Exercise aim - Starting with the line that has "河南驻马店泌阳县周边有几家陵园公墓？" in the records below and ending with the line that has "Image result for Sansevieria", output those lines exactly and nothing more; omit the pictures.

═════ Material shown

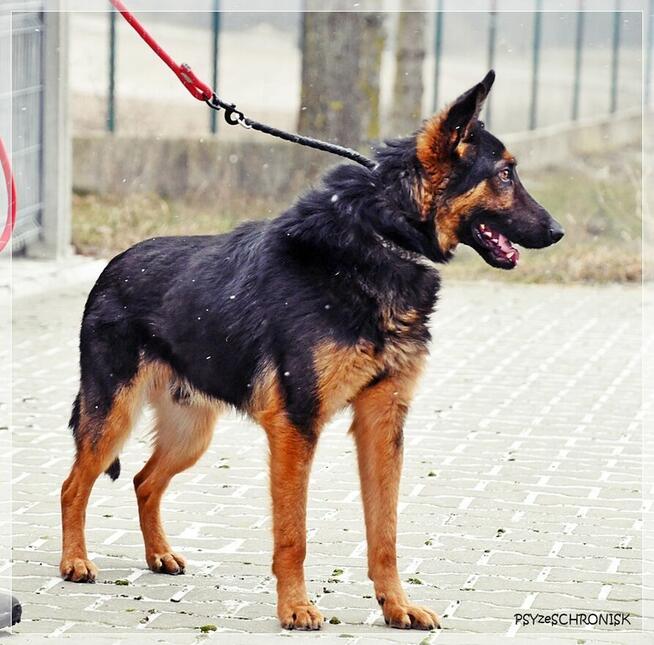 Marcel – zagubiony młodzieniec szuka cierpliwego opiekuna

══════════
═════ Material shown

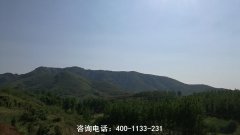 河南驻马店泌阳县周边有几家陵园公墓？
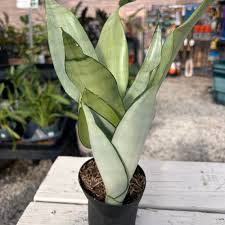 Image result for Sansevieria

══════════

Output for this exercise -
 河南驻马店泌阳县周边有几家陵园公墓？
 Image result for Sansevieria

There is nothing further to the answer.